-- Work task --
Print exactly the lines that run from the one containing "Retlux - Удължител" to the final line of the data, both included, and print none of the pictures.

-- Supplied material --
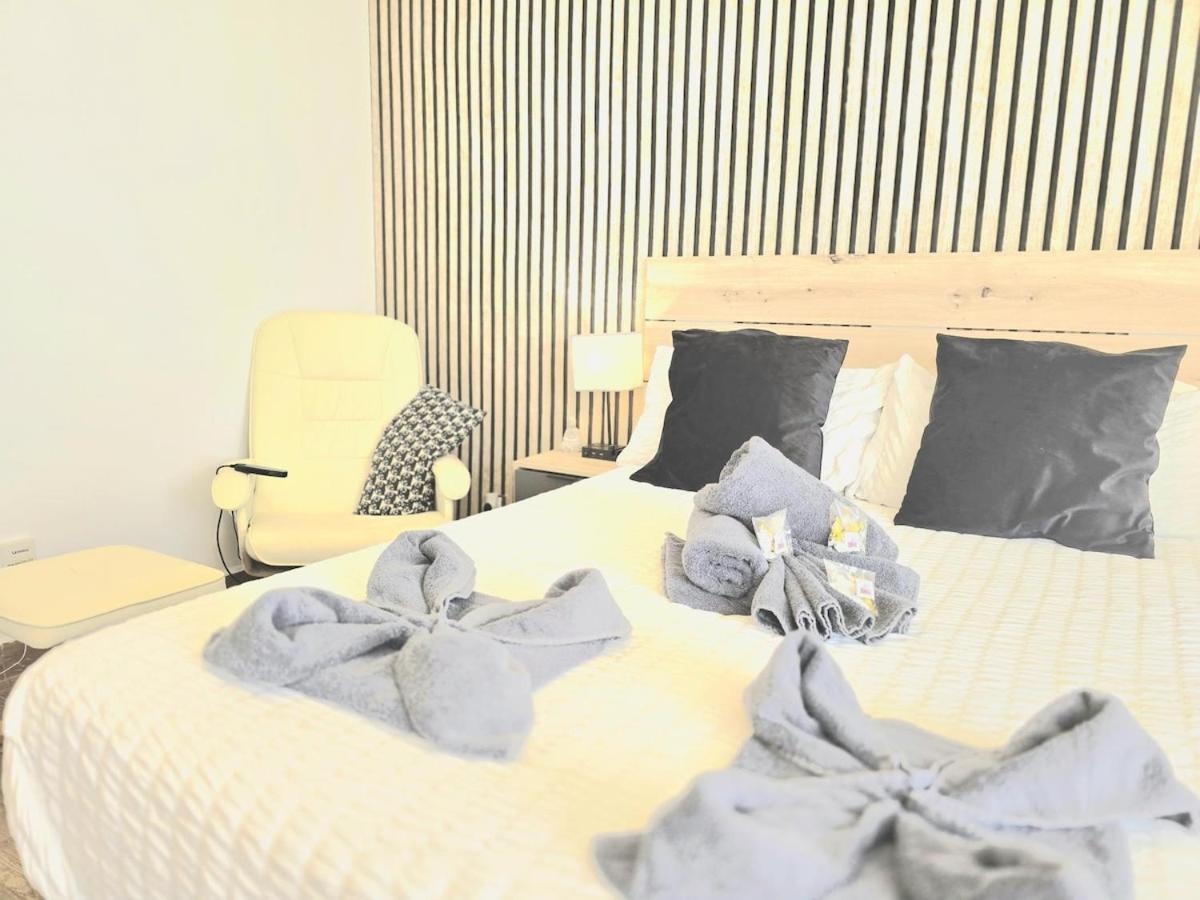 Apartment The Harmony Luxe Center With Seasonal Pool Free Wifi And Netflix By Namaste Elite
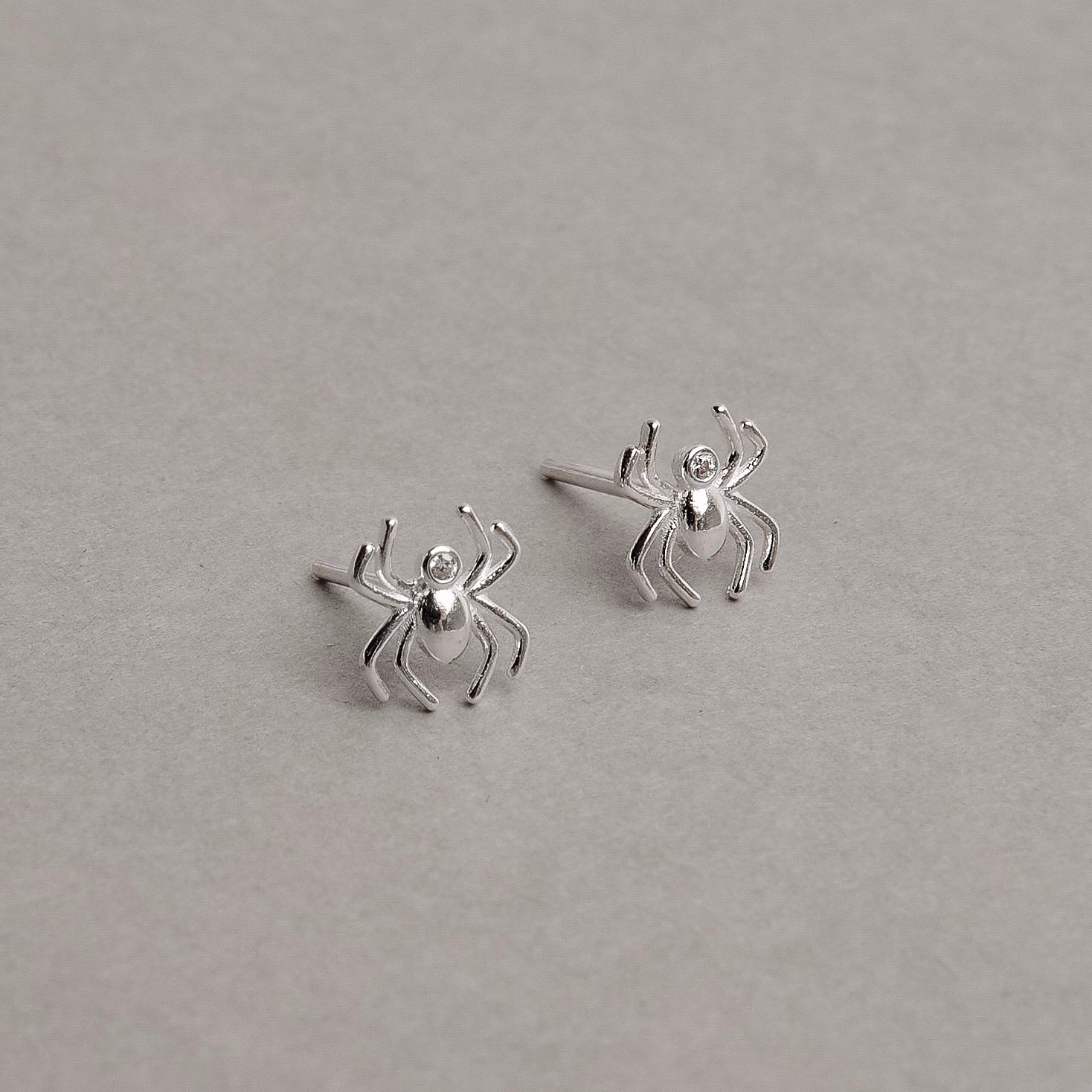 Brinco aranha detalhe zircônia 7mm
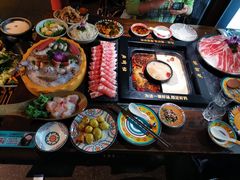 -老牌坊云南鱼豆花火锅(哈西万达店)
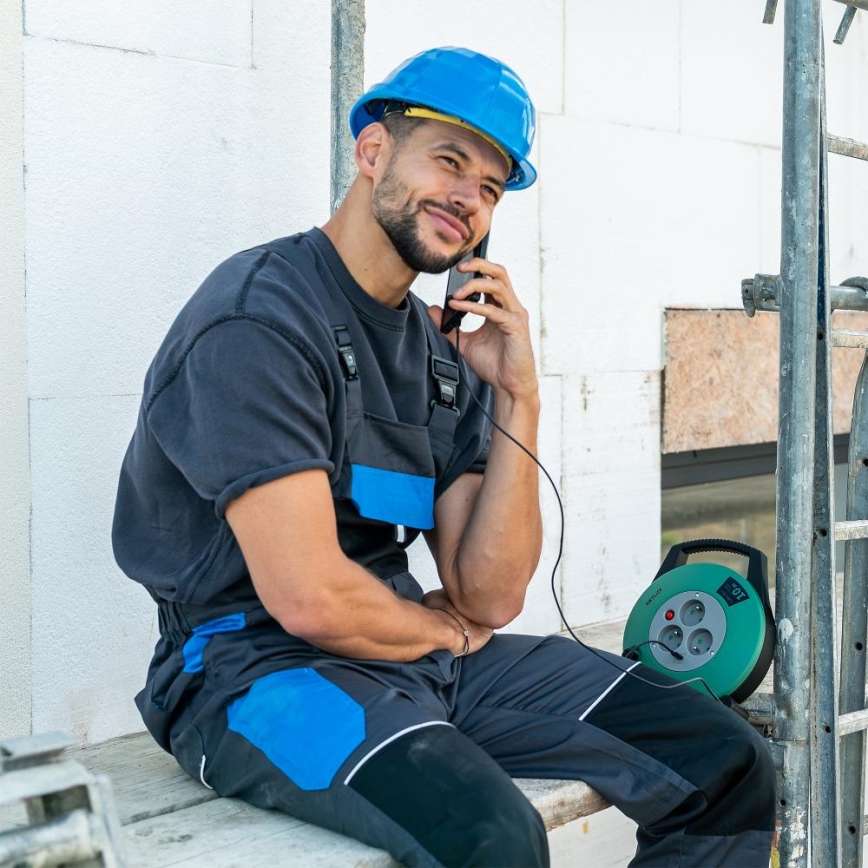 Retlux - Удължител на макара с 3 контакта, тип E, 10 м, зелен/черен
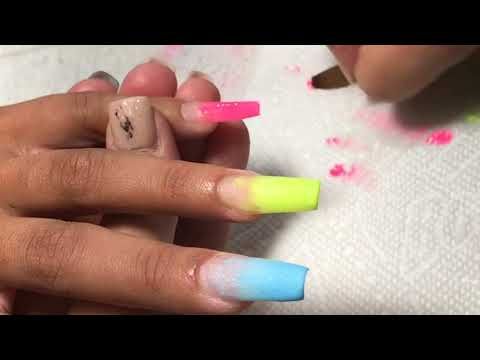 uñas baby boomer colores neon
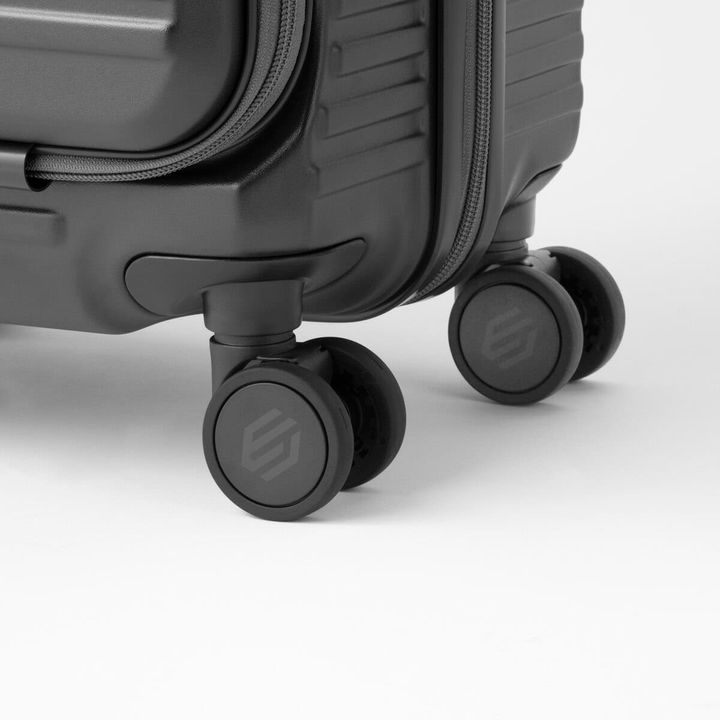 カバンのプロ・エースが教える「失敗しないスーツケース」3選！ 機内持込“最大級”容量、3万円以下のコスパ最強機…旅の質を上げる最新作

-- Solution to this exercise --
 Retlux - Удължител на макара с 3 контакта, тип E, 10 м, зелен/черен
 uñas baby boomer colores neon
 カバンのプロ・エースが教える「失敗しないスーツケース」3選！ 機内持込“最大級”容量、3万円以下のコスパ最強機…旅の質を上げる最新作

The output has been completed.